Indeed, tech and entrepreneurship probably aren’t the first associations that prospective MBAs make with Wharton. Long known as a finance school, Wharton is first-and-foremost a pioneer. Take entrepreneurship, where Wharton was the first program to teach students how to start businesses in the MBA curriculum. Over time, the program has become increasingly celebrated for its business plan competition, Venture Initiation incubator, and entrepreneurship research center, with recent alumni success stories including Warby Parker and Common Bond. While Wharton has poured heavy resources into its startup offerings, it has also built an entrepreneurial culture to match. “Wharton has a rich history of encouraging entrepreneurship,” Steigman adds. “I wanted to team up with the brightest minds there to identify the next industry disruptor.”
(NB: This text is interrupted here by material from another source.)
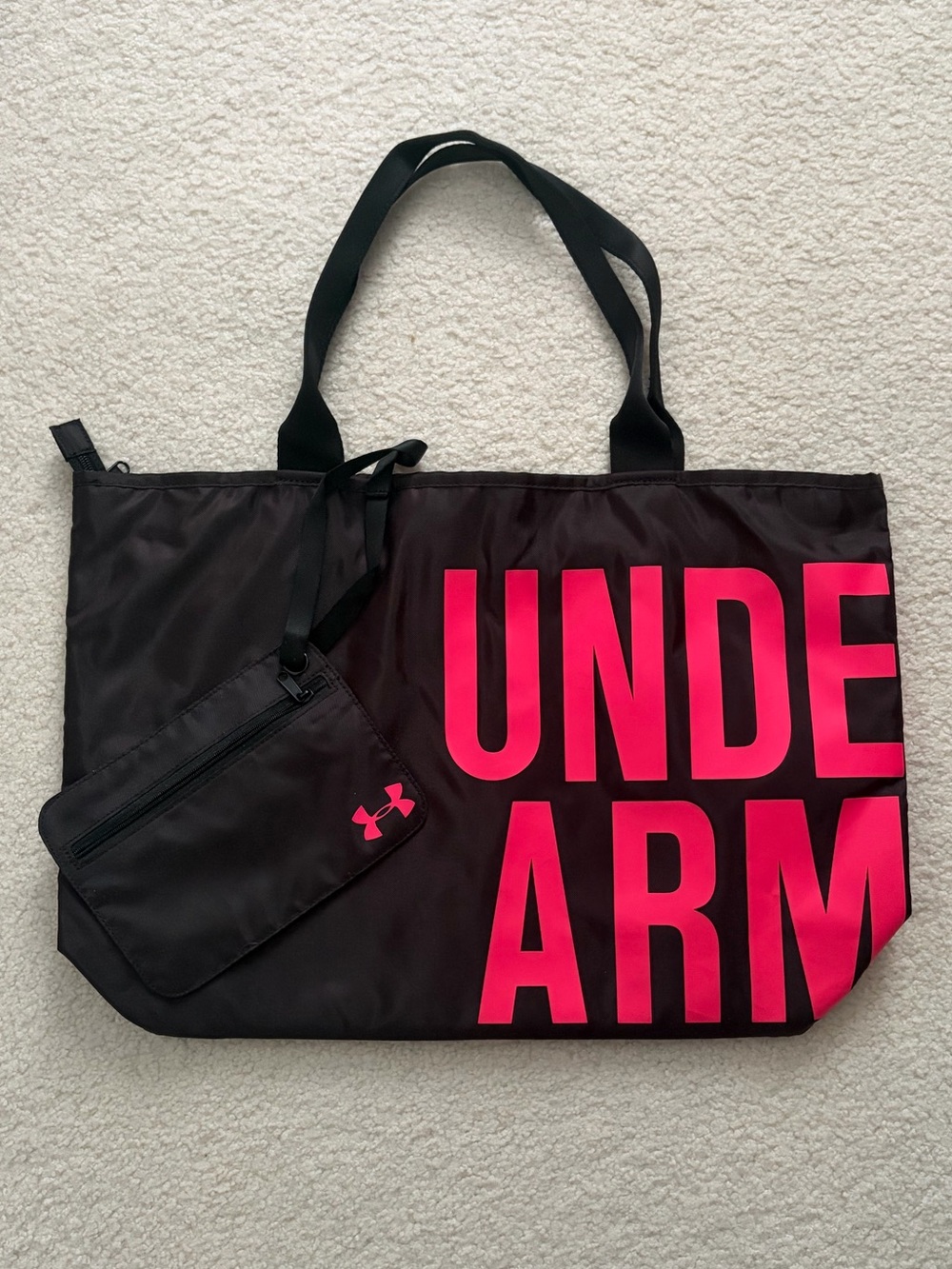 Under Armour Black Tote with Bright Pink Logo and Mini Zip Pouch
CLASS INCLUDES A CHESS CHAMPION AND A HIP-HOP LOVING ENTREPRENEUR

In fact, you’ll find Wharton’s incoming class skewing towards being highly entrepreneurial. That doesn’t mean they all aspire to launch their own companies.  Instead, they are self-starters. More important, they are finishers. In fact, the class is hardly pinstriped and sharp-elbowed. Frank DeVecchis, director of MBA admissions, describes MBA Wharton students as “collaborative, curious, and engaged. They’re constantly striving to explore new ideas to better themselves and better the community around them.”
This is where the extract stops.